When Facebook or Microsoft or Amazon take a dump, you get a storm
of requests. This is a storm of requests not just to one helpdesk,
but to MANY helpdesks, across a wide number of organizations, and
this means that you have thousands of people trying to investigate
what has happened.

It is very common for large companies to forget (or not care) that
their technical failures impact not just their users, but also
external support organizations.

I totally get your disdain and indifference towards end users in these
instances; for the average end user, yes, it indeed makes no difference
if DNS works or not.

However, some of those end users do have a point of contact up the
chain. This could be their ISP support, or a company helpdesk, and
most of these are tasked with taking an issue like this to some sort
of resolution. What I'm talking about here is that it is easier to
debug and make a determination that there is an IP connectivity issue
when DNS works. If DNS isn't working, then you get into a bunch of
stuff where you need to do things like determine if maybe it is some
sort of DNSSEC issue, or other arcane and obscure issues, which tends
to be beyond what front line helpdesk is capable of.

These issues often cost companies real time and money to figure out.
It is unlikely that Facebook is going to compensate them for this, so
this brings me back around to the point that it's preferable to have
DNS working when you have a BGP problem, because this is ultimately
easier for people to test and reach a reasonable determination that
the problem is on Facebook's side quickly and easily.

... JG

Maybe withdrawing those routes to their NS could have been mitigated by having NS in separate entities.

Well, doesn’t really matter if you can resolve the A/AAAA/MX records,
but you can’t connect to the network that is hosting the services.

Disagree for two reasons:

  1. If you have some DNS working, you can point it at a static “we are down and we know it” page much sooner.

  2. If you have convinced the entire world to install tracking pixels on their web pages that all need your IP address, it is rude to the rest of the world’s DNS to not be able to always provide a prompt (and cacheable) response.

Unrealistic user expectations are not the point.
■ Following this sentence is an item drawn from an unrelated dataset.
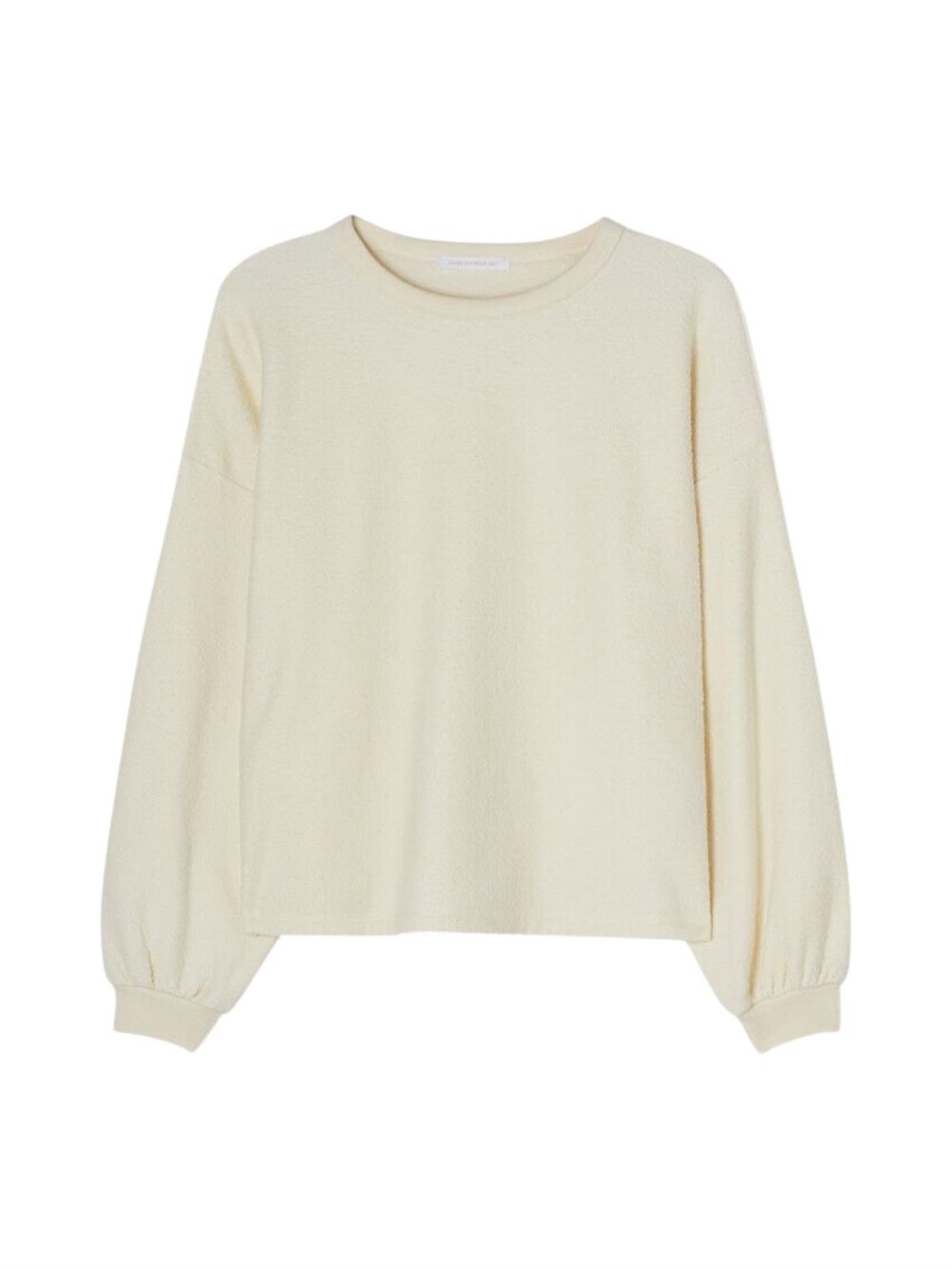 Bobypark Sweatshirt Ecru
Users can demand
whatever unrealistic claptrap they wish to.

The user's expectations, today, are always going to be unrealistic, especially when they are able to enjoy a half-decent service free-of-charge.

The bar has moved. Nothing we can do about it but adapt.

The point is that there are a lot of helpdesk staff at a lot of
organizations who are responsible for responding to these issues.
When Facebook or Microsoft or Amazon take a dump, you get a storm
of requests. This is a storm of requests not just to one helpdesk,
but to MANY helpdesks, across a wide number of organizations, and
this means that you have thousands of people trying to investigate
what has happened.

We are in agreement.

And it's no coincidence that the Facebook's of the world rely almost 100% on non-human contact to give their users support. So that leaves us, infrastructure, in the firing line to pick up the slack for a lack of warm-body access to BigContent.

It is very common for large companies to forget (or not care) that
their technical failures impact not just their users, but also
external support organizations.

Not just large companies, but I believe all companies... and worse, not at ground level where folk on lists like these tend to keep in touch, but higher up where money decisions where caring about your footprint on other Internet settlers whom you may never meet matters.

You and I can bash our heads till they come home, but if the folk that need to say "Yes" to $$$ needed to help external parties troubleshoot better don't get it, then perhaps starting a NOG or some such is our best bet.

I totally get your disdain and indifference towards end users in these
instances; for the average end user, yes, it indeed makes no difference
if DNS works or not.

On the contrary, I looooooove customers. I wasn't into them, say, 12 years ago, but since I began to understand that users will respond to empathy and value, I fell in love with them. They drive my entire thought-process and decision-making.

This is why I keep saying, "Users don't care about how we build the Internet", and they shouldn't. And I support that.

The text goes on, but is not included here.